Listed records.
################
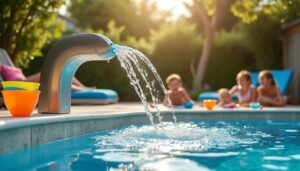 Fontaine pour piscine hors sol : guide complet pour bien choisir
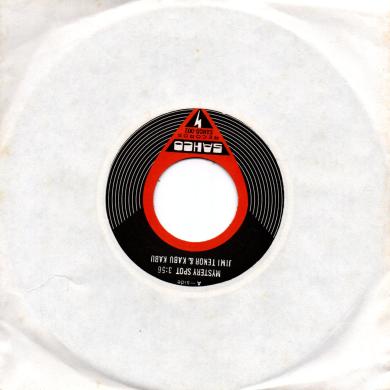 Jimi Tenor & Kabu Kabu / Mystery Spot [7"]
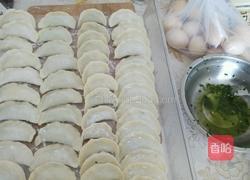 雞蛋韭菜餃子和白菜豆干餃子的做法图解9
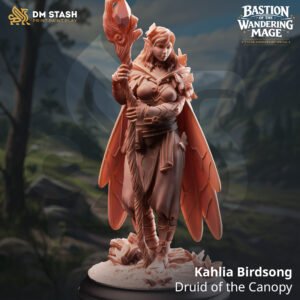 Kahlia Birdsong - Druid of the Canopy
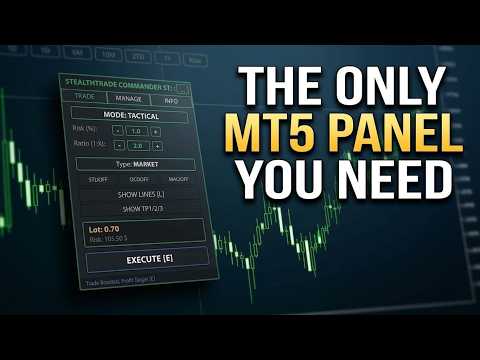 Video StealthTrade Commander ST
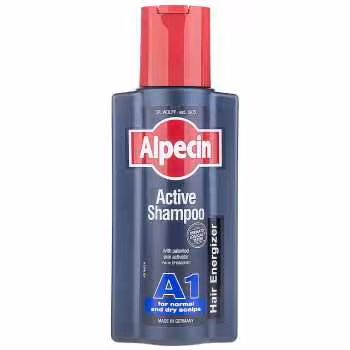 شامپو آلپسین مدل A1 Active حجم 250 میلی لیتر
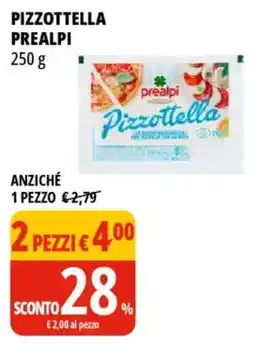 Tigros Pizzottella PREALPI offerta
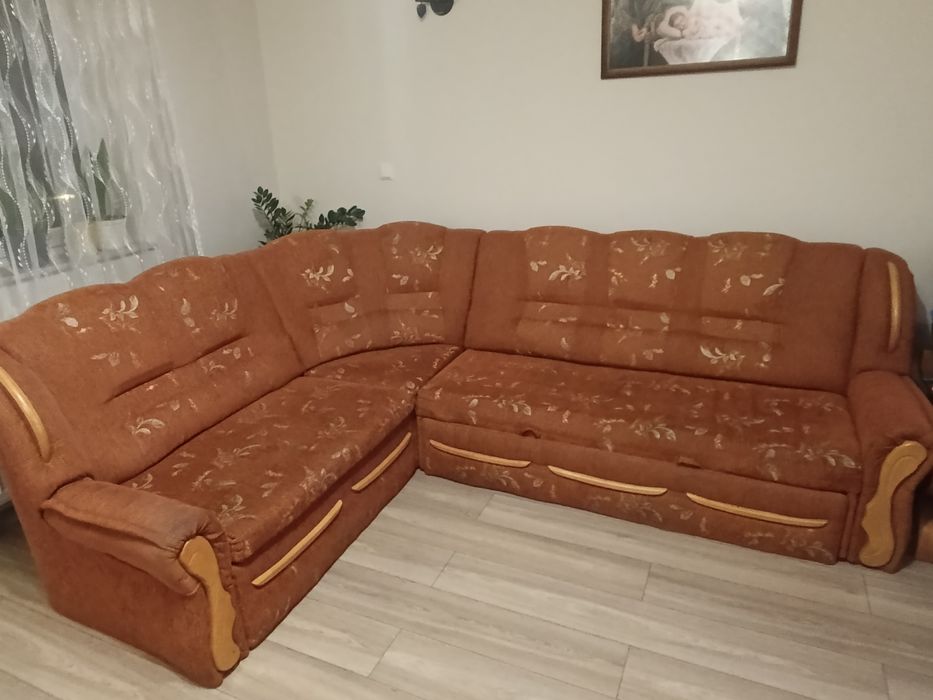 Narożnik rozkładany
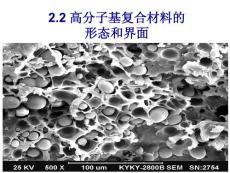 2-3高分子基复合材料的组成、形态与界面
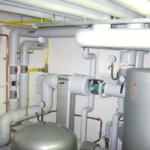 Ausdehnungsgefäß und Brauchwasserspeicher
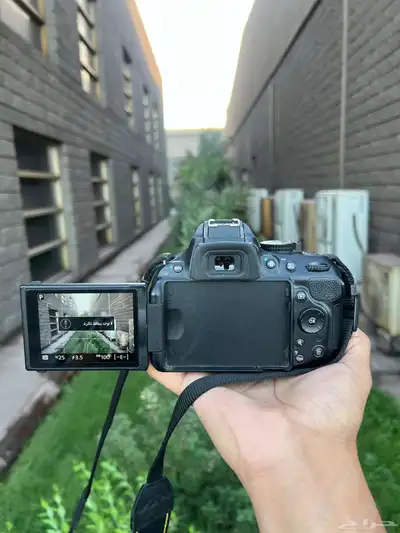 كاميرا نيكون d5200 كاسر زيرو شاتر 5000 صورة مع شنطة وشاحن ا index
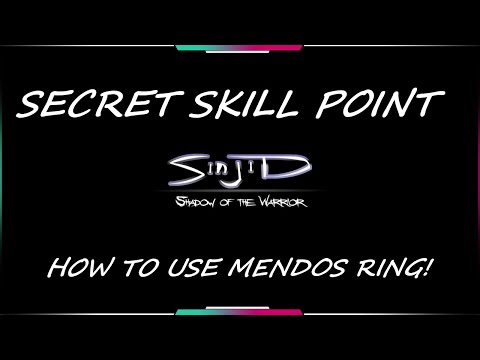 HOW to get a FREE SKILL POINT in Sinjid:Shadow of the Warrior!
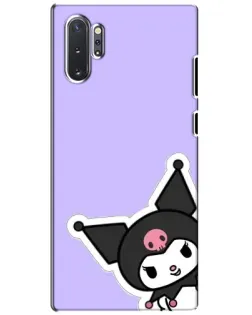 Чехол для Samsung Galaxy Note 10 Plus с картинкой «Забавная Kuromi»
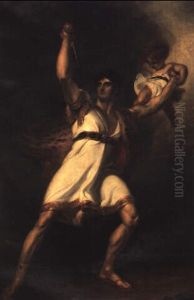 John Philip Kemble As Rolla In Sheridan's 'pizarro'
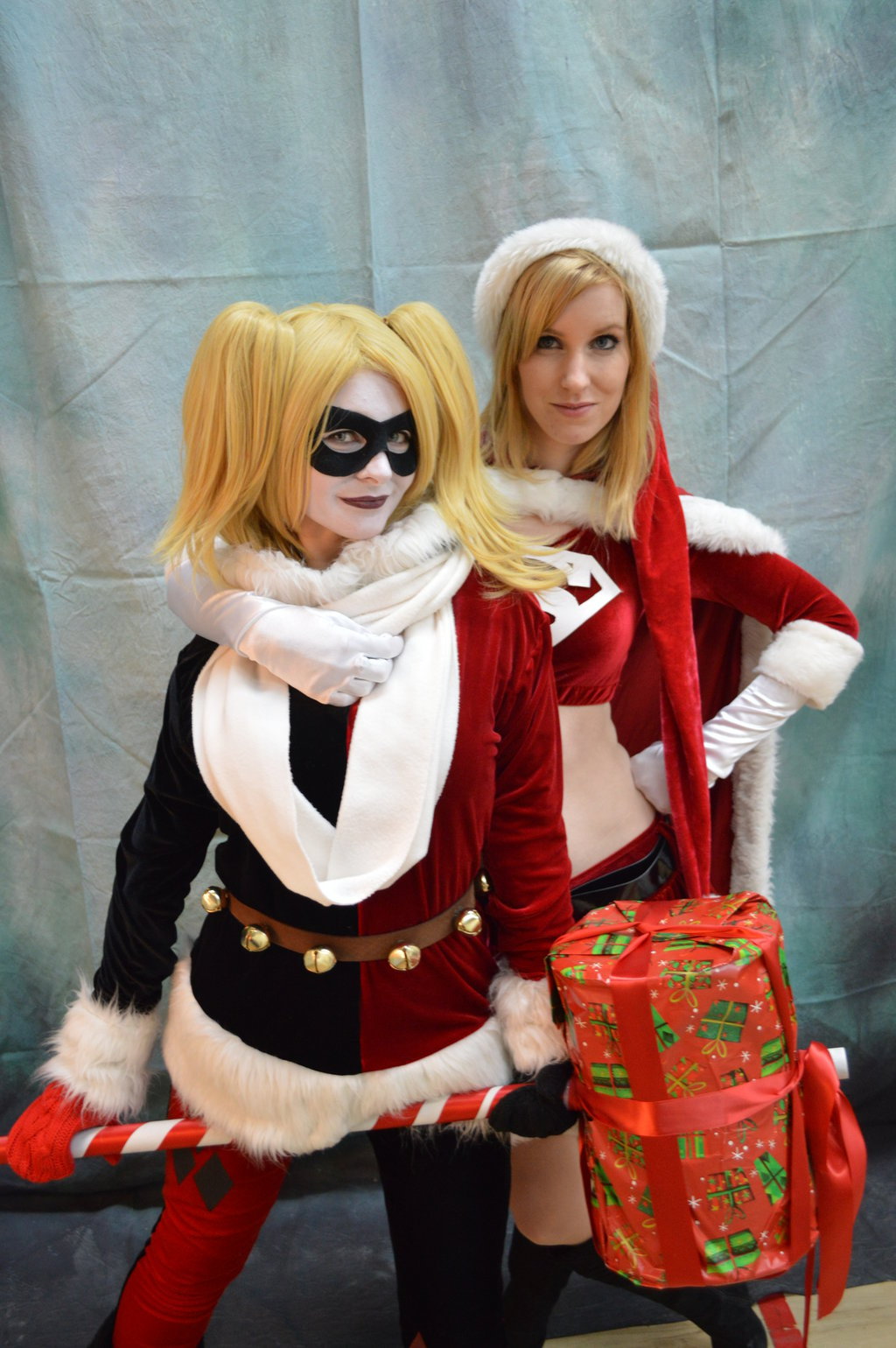 demonsee:  Dreaming of a DC Christmas by everage   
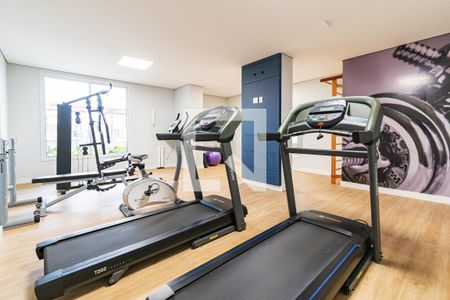 Apartamento à venda com 57m², 2 quartos e 1 vaga Apartamento à venda com 57m², 2 quartos e 1 vagaAcademia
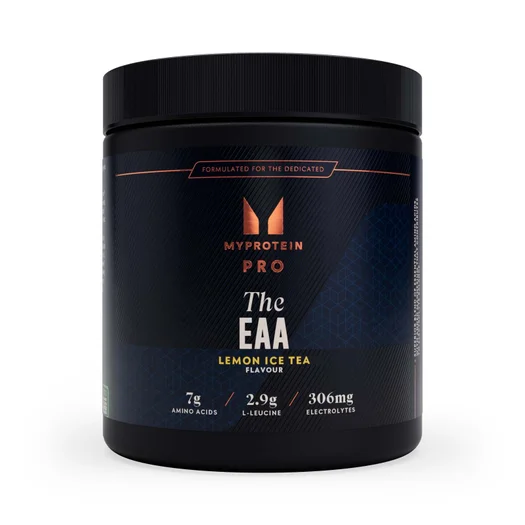THE EAA | Essential Amino Acid & Electrolyte Powder - 330g - Lemon Ice Tea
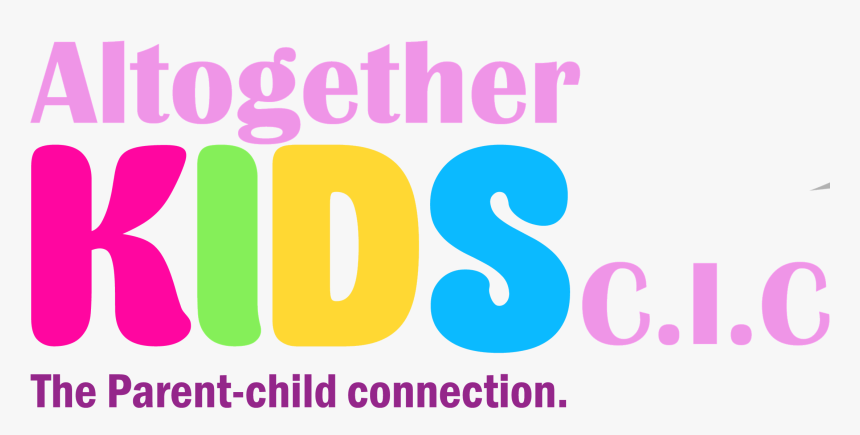 Altogether Logo 2 Png Altogether Kids Cic - Graphic Design, Transparent Png, Free Download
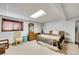 Finished basement bedroom with natural light and closet space at 8040 W 78Th Way, Arvada, CO 80005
################
What you return must match the records letter for letter, except that the pictures stay out.

 Fontaine pour piscine hors sol : guide complet pour bien choisir
 Jimi Tenor & Kabu Kabu / Mystery Spot [7"]
 雞蛋韭菜餃子和白菜豆干餃子的做法图解9
 Kahlia Birdsong - Druid of the Canopy
 Video StealthTrade Commander ST
 شامپو آلپسین مدل A1 Active حجم 250 میلی لیتر
 Tigros Pizzottella PREALPI offerta
 Narożnik rozkładany
 2-3高分子基复合材料的组成、形态与界面
 Ausdehnungsgefäß und Brauchwasserspeicher
 كاميرا نيكون d5200 كاسر زيرو شاتر 5000 صورة مع شنطة وشاحن ا index
 HOW to get a FREE SKILL POINT in Sinjid:Shadow of the Warrior!
 Чехол для Samsung Galaxy Note 10 Plus с картинкой «Забавная Kuromi»
 John Philip Kemble As Rolla In Sheridan's 'pizarro'
 demonsee:  Dreaming of a DC Christmas by everage   
 Apartamento à venda com 57m², 2 quartos e 1 vaga Apartamento à venda com 57m², 2 quartos e 1 vagaAcademia
THE EAA | Essential Amino Acid & Electrolyte Powder - 330g - Lemon Ice Tea
 Altogether Logo 2 Png Altogether Kids Cic - Graphic Design, Transparent Png, Free Download
 Finished basement bedroom with natural light and closet space at 8040 W 78Th Way, Arvada, CO 80005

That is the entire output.